## [GOAL OF THE EXERCISE]
Send every record back word for word.

## [SOURCE MATERIAL]

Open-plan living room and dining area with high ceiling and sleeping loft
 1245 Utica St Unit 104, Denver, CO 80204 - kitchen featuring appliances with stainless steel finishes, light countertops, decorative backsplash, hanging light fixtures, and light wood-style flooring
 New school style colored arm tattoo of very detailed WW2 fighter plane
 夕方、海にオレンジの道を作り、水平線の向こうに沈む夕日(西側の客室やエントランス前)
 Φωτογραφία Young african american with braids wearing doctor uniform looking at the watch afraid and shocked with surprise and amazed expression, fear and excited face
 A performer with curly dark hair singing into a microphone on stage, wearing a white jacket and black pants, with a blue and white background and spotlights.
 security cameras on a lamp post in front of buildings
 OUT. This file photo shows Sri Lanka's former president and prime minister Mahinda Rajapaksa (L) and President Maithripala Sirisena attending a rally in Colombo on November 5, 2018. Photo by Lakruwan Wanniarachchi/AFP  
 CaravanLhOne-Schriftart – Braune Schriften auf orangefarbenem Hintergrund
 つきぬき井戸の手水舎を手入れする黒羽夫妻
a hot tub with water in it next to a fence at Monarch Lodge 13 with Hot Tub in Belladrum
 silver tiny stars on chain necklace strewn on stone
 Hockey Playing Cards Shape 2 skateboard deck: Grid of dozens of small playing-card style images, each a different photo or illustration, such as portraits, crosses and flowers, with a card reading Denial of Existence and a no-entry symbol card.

## [REPLY]
Open-plan living room and dining area with high ceiling and sleeping loft
 1245 Utica St Unit 104, Denver, CO 80204 - kitchen featuring appliances with stainless steel finishes, light countertops, decorative backsplash, hanging light fixtures, and light wood-style flooring
 New school style colored arm tattoo of very detailed WW2 fighter plane
 夕方、海にオレンジの道を作り、水平線の向こうに沈む夕日(西側の客室やエントランス前)
 Φωτογραφία Young african american with braids wearing doctor uniform looking at the watch afraid and shocked with surprise and amazed expression, fear and excited face
 A performer with curly dark hair singing into a microphone on stage, wearing a white jacket and black pants, with a blue and white background and spotlights.
 security cameras on a lamp post in front of buildings
 OUT. This file photo shows Sri Lanka's former president and prime minister Mahinda Rajapaksa (L) and President Maithripala Sirisena attending a rally in Colombo on November 5, 2018. Photo by Lakruwan Wanniarachchi/AFP  
 CaravanLhOne-Schriftart – Braune Schriften auf orangefarbenem Hintergrund
 つきぬき井戸の手水舎を手入れする黒羽夫妻
a hot tub with water in it next to a fence at Monarch Lodge 13 with Hot Tub in Belladrum
 silver tiny stars on chain necklace strewn on stone
 Hockey Playing Cards Shape 2 skateboard deck: Grid of dozens of small playing-card style images, each a different photo or illustration, such as portraits, crosses and flowers, with a card reading Denial of Existence and a no-entry symbol card.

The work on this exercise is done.